Population use values are placeholders until village-level use data are confirmed by the Pele implementation partners.

Condition index metrics are omitted until the calculation method is confirmed.

Conservation and Future Outlook

Pele Island's reef, seagrass, and shoreline systems support food security, community identity, restoration work, and shoreline protection. The interim project report confirms that the foundational field campaign is complete, the Google Earth Engine processing environment has been set up, and the project is now focused on producing maps and models for community management plans.

Conservation activities are centred on community-led monitoring and practical planning. Training delivered through the August 2025 campaign covered marine survey methods, GPS use, drone survey foundations, data processing, GIS fundamentals, and QGIS workflows. Survey equipment, connectivity infrastructure, and ongoing weekly coordination meetings are intended to support long-term PIELSN capacity rather than one-off data collection.

Restoration and adaptation work will use the mapping products to identify priority coral restoration and coastal rehabilitation sites, support community conservation area mapping, and inform management planning across all four villages. The project is also exploring biodiversity finance mechanisms that use transparent spatial datasets and ocean accounting methods to support community-led conservation activities.

Future updates should replace placeholder values with validated field, drone, satellite, and wave-modelling outputs; add confirmed village social indicators; and extend the shoreline change component when coastal-risk scenarios are ready.

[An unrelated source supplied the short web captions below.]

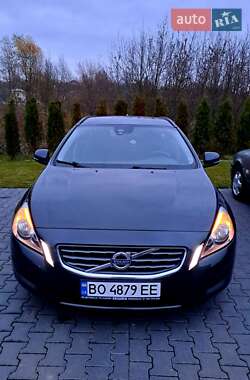 Універсал Volvo V60 2011 в Зборові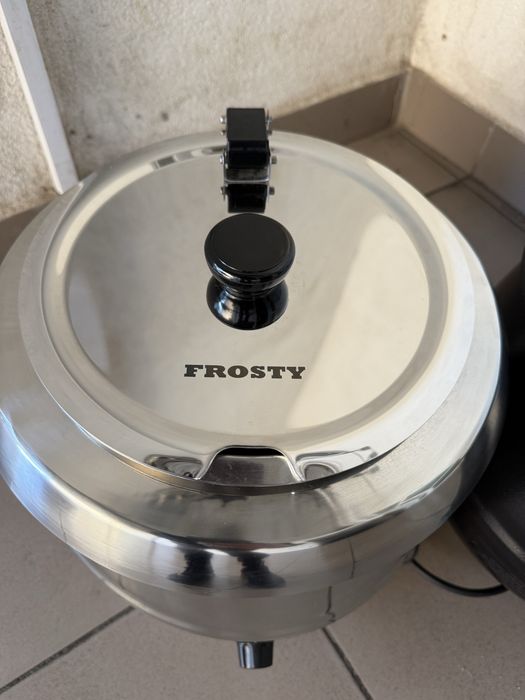 Супниця-Марміт для Гарячих Страв Frosty-Airhot Новий !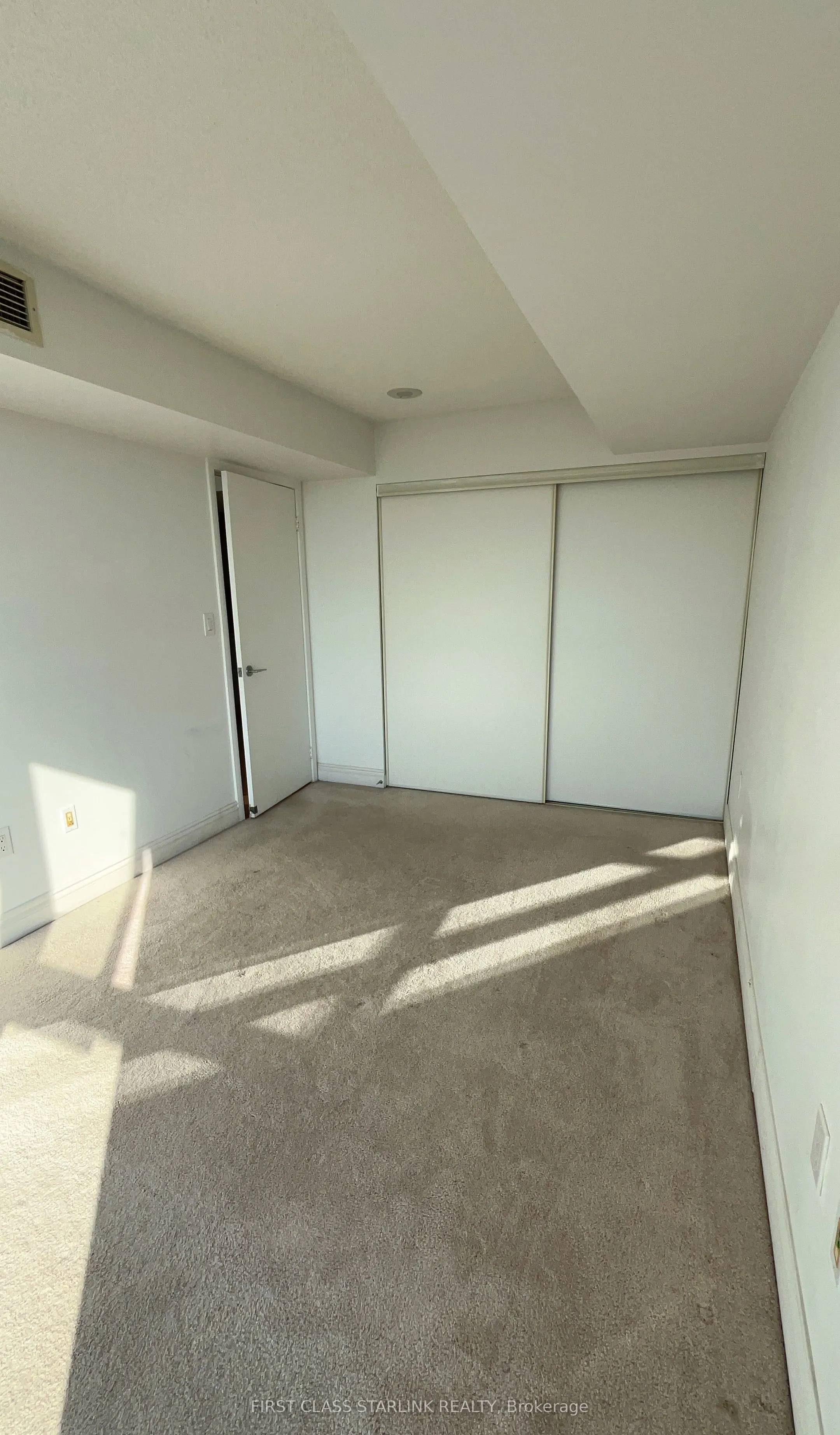 15 Iceboat Terrace, #2607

Data Sources and Methodology

The Pele Island coastal and reef mapping integrates multiple data sources collected during the August 2025 field campaign and ongoing satellite monitoring. The interim report records comprehensive coverage across target survey areas, with only part of the northeastern island section missed because of bad weather. Primary data sources include:

Field Survey Data: geo-located underwater photographs from SCUBA and snorkel photo-transect surveys conducted by trained community members following University of Queensland standardized protocols, classified using ReefCloud AI to identify benthic cover (coral, algae, sand, seagrass, consolidated substrate). The field campaign also collected wave energy measurements and seafloor sediment samples.

Drone Data: very-high-resolution multispectral imagery (RGB and 14 multispectral bands), RGB imagery, and LiDAR point clouds captured through the UQ Drone Collaborative Research Platform. These data are processed to generate orthomosaics, digital elevation models (DEMs), and digital surface models (DSMs) of coastal topography, reef structure, vegetation, and restoration areas.

Satellite Imagery: high-resolution multispectral data from Sentinel-2 and commercial providers, including satellite-derived bathymetry, processed in Google Earth Engine using machine learning classifiers trained on community-collected field data. The Google Earth Engine cloud processing environment is set up for ongoing mapping and publishing workflows.

Wave and Oceanographic Data: in-situ wave energy measurements, seafloor sediment samples, and global wave climate models transformed to nearshore conditions. The modelling workflow uses SWAN for wave transformation, XBeach for wave-driven transport on exposed coastlines, and Delft3D where tidal currents are important, incorporating high-resolution bathymetry, LiDAR topography, wind, tide, and IPCC sea-level rise scenarios.

All methodologies follow open-source, reproducible workflows enabling ongoing community-led monitoring and are being published to publicly accessible repositories. Local expert input from Salome and Willie should be added when confirmed.